Dr Erna Haraldsdottir, Director of Education and Research/Senior Lecturer at St Columba’s Hospice/Queen Margaret University, Edinburgh, Scotland, UK, describes a collaborative project between patients, staff and a documentary film-maker that is energising and meaningful for patients and teaches us about life and death. Erna’s post is the background to her longer article published in the November/December issue of the European Journal of Palliative Care.

Dr Erna Haraldsdottir

The film Seven Songs for a Long Life is a documentary film made in a hospice and a joint venture between Strathcarron Hospice in South West Scotland and The Scottish Documentary Institute in Edinburgh. The idea arose from my conversation with a documentary film-maker, Amy Hardie, as we discovered our shared interest in using creative methods to challenge the fear of death and dying and negative perceptions of hospices.

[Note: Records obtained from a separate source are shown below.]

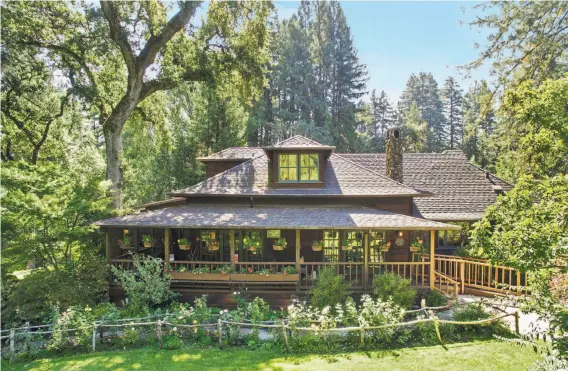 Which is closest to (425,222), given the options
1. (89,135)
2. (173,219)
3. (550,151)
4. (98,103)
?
(550,151)

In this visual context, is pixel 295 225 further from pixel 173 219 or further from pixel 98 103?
pixel 98 103

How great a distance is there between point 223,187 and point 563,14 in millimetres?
13816

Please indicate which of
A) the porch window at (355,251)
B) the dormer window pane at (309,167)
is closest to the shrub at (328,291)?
the porch window at (355,251)

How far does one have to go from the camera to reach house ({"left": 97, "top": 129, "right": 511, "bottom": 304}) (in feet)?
39.3

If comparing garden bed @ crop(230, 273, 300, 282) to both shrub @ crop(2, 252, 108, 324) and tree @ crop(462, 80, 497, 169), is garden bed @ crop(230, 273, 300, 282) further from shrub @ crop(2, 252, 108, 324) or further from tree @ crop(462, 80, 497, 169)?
tree @ crop(462, 80, 497, 169)

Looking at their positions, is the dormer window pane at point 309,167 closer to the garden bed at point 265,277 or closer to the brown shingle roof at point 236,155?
the brown shingle roof at point 236,155

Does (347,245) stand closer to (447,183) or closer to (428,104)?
(447,183)

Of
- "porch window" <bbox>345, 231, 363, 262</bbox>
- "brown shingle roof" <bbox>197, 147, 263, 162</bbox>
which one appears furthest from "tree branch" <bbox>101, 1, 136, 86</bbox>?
"porch window" <bbox>345, 231, 363, 262</bbox>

For myself, I was inspired by Cicely Saunders’ principle of facing death as it is embedded in her philosophy of palliative care.1 I agree strongly with her notion that facing death offers the possibility for human growth through heightening our senses of our own being. However, as a palliative care nurse I have also come across the challenge that is inherent in this open approach towards death due to fear of death. The philosophical perspective of Heidegger shows how death and dying becomes integrated into our existence as we learn how to go about being in the world and the fear becomes part of human condition.2 Based on the tension between fearing death and the possibility of positive outcomes in facing it, I wanted to explore if creative art could add an extra dimension to how we approach the stark reality of dying.

The poster for Seven Songs for a Long Life

With full participation from patients and staff in the hospice, Amy Hardie worked for about three years with us making the film. The project was first funded by Creative Scotland and later with additional funding from the BBC. Patients in the hospice were keen to participate and were excited by the prospect of making a documentary film that would tell their individual story. They were also motivated to challenge the perception of hospices as sad places and patients in a hospice being weak and vulnerable people because they were seriously ill and facing imminent death.

Through a collaborative approach between patients, staff and the film-maker we decided to tell a story of patients’ own lives and the life within the hospice in a semi-musical format. The whole experience was an overall positive one for patients, their families and those that worked at the hospice. Challenges were solved through good communication and shared decision-making. For some of the staff it was ‘mind-blowing’ to think that a documentary film could be made in a hospice with patients as key ‘actors’. However, as the filming progressed it became evident that using creative engagement was, in fact, energizing and meaningful for patients.

Through the act of both making the film and also in watching it the project has demonstrated how death and dying can be faced through the process. We were able to create a documentary film in a hospice which is informative, moving, life- affirming and also teaches us about life and death.

References and links

  1. Saunders C. (1965) The Last Stage of Life American Journal of Nursing, 65,3,70-75
  2. Heidegger M. (1962) Being and Time, Oxford, Blackwell.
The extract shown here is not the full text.